The 2023 mass executions at this "death prison" are revealed through accounts from former prisoners, former government officials, and hundreds of pages of documents found at Saydnaya and other Syrian security offices.
Saydnaya, known in government documents as "Military Prison Number One", is the largest detention and execution center among dozens of prisons established under Assad.
For the past 14 years, the name "Saydnaya", after the small mountain town where the prison is located, has become a source of terror for Syrians. People often use the phrase "disappeared in Saydnaya" to refer to someone being arrested and never returning.
In addition to the thousands killed in organized executions, former prisoners and war crimes experts say thousands more may have died at Saydnaya from torture and harsh prison conditions.
Imprisoned in lice-infested, steel-walled cells with a single slit for a window, prisoners were forbidden to look guards in the eye. If they did, they would be severely beaten and left on the floor.
"Saydnaya is a terrifying nightmare.
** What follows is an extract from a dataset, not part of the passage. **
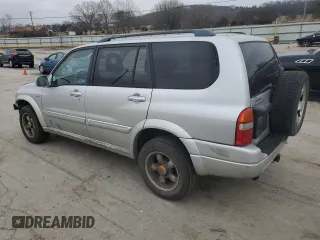 2002 Suzuki XL-7 Standard with VIN JS3TX92V124112454, listed as a Copart auction lot 43611355 with 182,636 mi miles and Salvage Title. Bid and sale history available at carsss.com. Image 2.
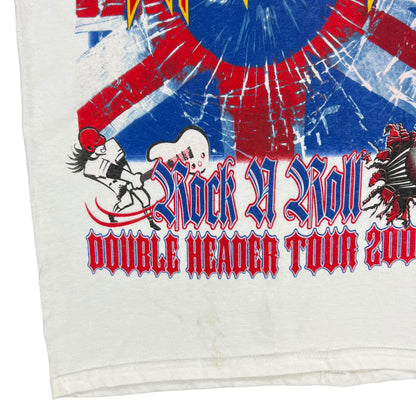 Vintage 2005 Def Leppard Double Header tour band tee (M)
Most of those who enter never leave," said Ali Ahmed Al-Zuwara, 30, a farmer outside Damascus who was arrested in 2020 for dodging military service.
According to the Syrian Observatory for Human Rights, approximately 160,123 Syrians have "disappeared" in more than 10 years of civil war, mostly those imprisoned in Saydnaya.
Some families of the missing still hope their loved ones are alive. Others have held funeral services in absentia, accepting they are no longer living, but still wondering how or when they died.
"Although we knew he was imprisoned in Saydnaya, we didn't know what happened. We never received his body," said Dina Kash, wife of Ammar Daraa, a wholesaler who was arrested and disappeared in 2013 at age 46.
Thanks to documents found in an intelligence headquarters after the Assad regime fell, her family received confirmation last December that Daraa had been taken to Saydnaya.
"We have to pray to God to have mercy on his soul, but we always have to add 'whether he is alive or dead'," Kash said.
Military Prison Number One in Saydnaya was built in the 1980s under Hafez Assad, Bashar al-Assad's father.
In 2011, during the "Arab Spring" uprisings that toppled the presidents of Tunisia and Egypt, thousands of Syrians took to the streets demanding greater political freedom.
When the uprising broke out, Mohammed Abdel Rahman Ibrahim, a soft-spoken 26-year-old, was tutoring students with his advanced math degree. He still lived with his parents on the southern edge of Damascus, in a neighborhood of car mechanics and delivery drivers.
That summer, Ibrahim was drafted and sent to guard an airbase in the north of the country, where government fighter jets took off to bomb rebel positions in nearby Aleppo.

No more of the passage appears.